__WHAT TO PRODUCE__. Retype the records below exactly as given, but only from the first line through the line with "Côtes d'Auvergne Tout", and without the pictures.

__EXERCISE INPUT__.
+ + + + + + +

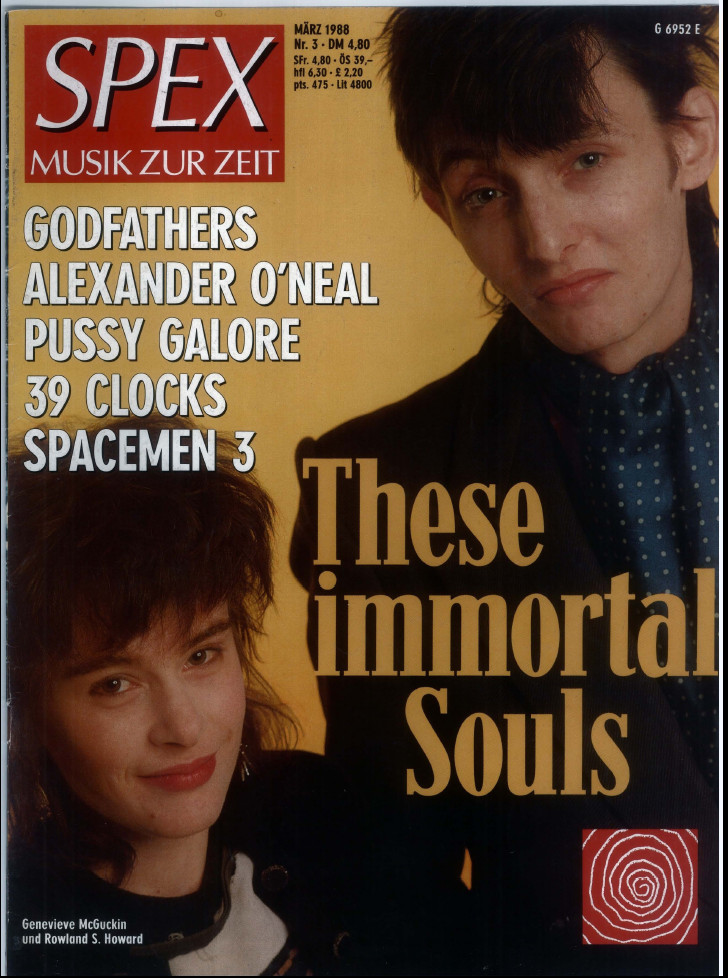 Pussy Galore - Spex: Ein Zustand des Dazwischen (PRESS, GERMANY) - Cover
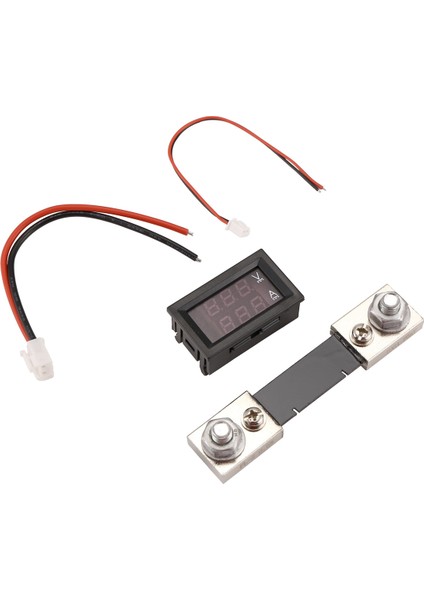 Dijital Voltaj Akım Metre Yüksek Voltaj LED Dc Çift Ekran Metre 7V-100V 100A Metre Şantlı (Yurt Dışından) modelleri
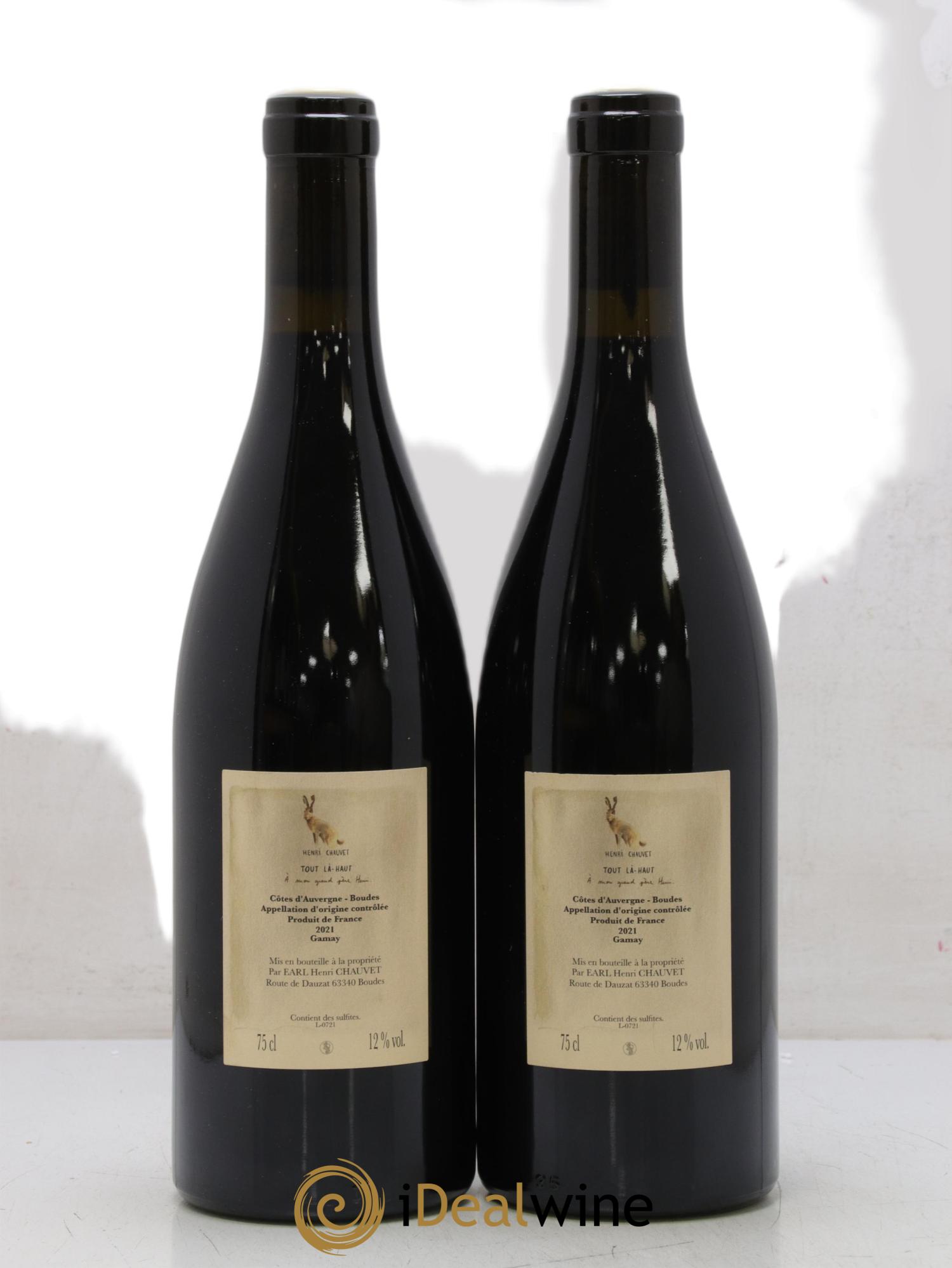 Côtes d'Auvergne Tout Là Haut Henri Chauvet 2021 - Lot de 2 bouteilles - 1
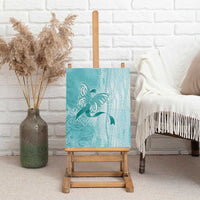 PTSD Awareness Canvas Wall Art Maile Pikake Lokelani Crown Flower Lei Inspired LT9 - Polynesian Pride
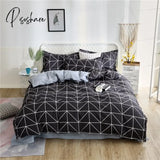 Pisoshare 3/4Pc Bedding Set Duvet Cover/ Quilt Cover Bedclothes Bed Sheet Single Double Queen King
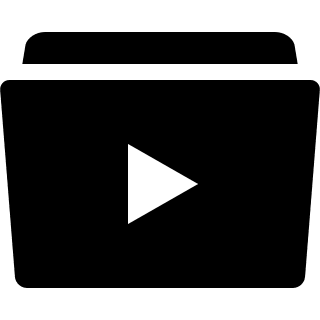 Video Folder Free Open-Source SVG Icon (Entypo+)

+ + + + + + +

__RESPONSE AREA__.
 Pussy Galore - Spex: Ein Zustand des Dazwischen (PRESS, GERMANY) - Cover
 Dijital Voltaj Akım Metre Yüksek Voltaj LED Dc Çift Ekran Metre 7V-100V 100A Metre Şantlı (Yurt Dışından) modelleri
 Côtes d'Auvergne Tout Là Haut Henri Chauvet 2021 - Lot de 2 bouteilles - 1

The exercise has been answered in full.